The question that gave the most illuminating picture of the Oxford zeitgeist was “Is criticising Israel always antisemitic?" What a question. A non-question. The very phrasing ridicules itself. It makes a mockery of a very serious situation. Critiscim? Shmiticism. They mean denouncing every single defensive measure Israel is forced to take. 

Caroline Lucas’s voice actually shook with passion as she gave an outrageously ill-informed account of Hamas’s Right of Return fiasco. In her eyes, ‘criticism of Israel’ ultimately gives credence to Hamas’s demand that Israel is subsumed by 4 million Palestinian Muslims. To her, that’s what  justice for the Palestinians means. And ’peace.’

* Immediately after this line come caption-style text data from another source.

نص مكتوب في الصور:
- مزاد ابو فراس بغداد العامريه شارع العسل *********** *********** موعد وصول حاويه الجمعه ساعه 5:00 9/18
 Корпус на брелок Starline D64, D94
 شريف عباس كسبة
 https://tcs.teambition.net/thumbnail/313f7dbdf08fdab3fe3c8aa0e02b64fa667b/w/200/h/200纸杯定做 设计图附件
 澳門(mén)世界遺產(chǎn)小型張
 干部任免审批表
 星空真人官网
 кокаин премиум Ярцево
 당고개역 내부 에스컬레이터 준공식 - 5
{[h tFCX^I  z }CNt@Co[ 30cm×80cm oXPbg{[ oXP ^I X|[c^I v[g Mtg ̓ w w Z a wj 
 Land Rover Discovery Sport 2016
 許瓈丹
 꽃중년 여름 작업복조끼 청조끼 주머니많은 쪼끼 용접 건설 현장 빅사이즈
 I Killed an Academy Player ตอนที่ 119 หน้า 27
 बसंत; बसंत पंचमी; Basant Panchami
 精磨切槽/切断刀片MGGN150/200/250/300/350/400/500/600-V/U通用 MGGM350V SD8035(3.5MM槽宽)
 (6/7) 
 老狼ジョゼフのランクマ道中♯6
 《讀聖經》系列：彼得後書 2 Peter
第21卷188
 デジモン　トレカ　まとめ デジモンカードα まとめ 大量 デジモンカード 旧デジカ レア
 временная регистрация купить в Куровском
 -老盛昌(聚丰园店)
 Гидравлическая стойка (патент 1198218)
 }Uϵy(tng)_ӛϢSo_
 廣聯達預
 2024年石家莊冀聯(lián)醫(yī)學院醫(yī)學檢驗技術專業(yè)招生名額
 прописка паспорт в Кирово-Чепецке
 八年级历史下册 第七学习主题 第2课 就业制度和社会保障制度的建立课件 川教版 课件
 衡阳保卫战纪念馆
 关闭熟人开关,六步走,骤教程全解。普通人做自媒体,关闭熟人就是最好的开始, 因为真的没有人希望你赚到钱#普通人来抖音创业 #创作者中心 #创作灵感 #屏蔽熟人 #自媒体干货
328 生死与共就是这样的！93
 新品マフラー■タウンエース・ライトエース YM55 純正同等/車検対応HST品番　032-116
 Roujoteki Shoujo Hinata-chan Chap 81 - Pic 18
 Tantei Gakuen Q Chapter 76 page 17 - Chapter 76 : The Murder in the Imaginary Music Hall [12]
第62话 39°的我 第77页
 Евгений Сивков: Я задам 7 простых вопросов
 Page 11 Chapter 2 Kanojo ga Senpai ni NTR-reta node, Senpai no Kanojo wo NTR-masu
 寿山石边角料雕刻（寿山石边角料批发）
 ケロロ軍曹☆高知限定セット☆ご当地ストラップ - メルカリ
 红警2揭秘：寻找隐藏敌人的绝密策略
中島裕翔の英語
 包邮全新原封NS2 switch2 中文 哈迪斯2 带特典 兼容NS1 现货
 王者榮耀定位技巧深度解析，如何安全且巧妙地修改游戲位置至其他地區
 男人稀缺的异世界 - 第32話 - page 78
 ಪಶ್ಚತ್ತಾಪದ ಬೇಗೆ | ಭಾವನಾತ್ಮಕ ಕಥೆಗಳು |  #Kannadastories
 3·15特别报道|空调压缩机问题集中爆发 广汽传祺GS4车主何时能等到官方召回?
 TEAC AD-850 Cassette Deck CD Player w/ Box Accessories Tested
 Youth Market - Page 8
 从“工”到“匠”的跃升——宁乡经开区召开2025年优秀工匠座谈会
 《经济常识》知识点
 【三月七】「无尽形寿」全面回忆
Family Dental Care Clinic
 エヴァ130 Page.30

Is she really as ignorant of the hate-filled, genocidal rhetoric, the incitement and the antisemitic nature of the Hamas ‘education system” as she appears to be? Either she is or she isn’t. Either way, that is not the same as ‘criticising’ Israel, and it is antisemitic. When she was asked if she felt as passionate about any other injustice, she had to think hard before coming up with the Rohingyas. You could hear her brain desperately trying to come up with a convincing answer. 

The Syria debacle completely overwhelmed Any Answers, pushing the antisemitism question into the long grass and to rumble on and on in the background in the unresolved manner to which it has become  accustomed.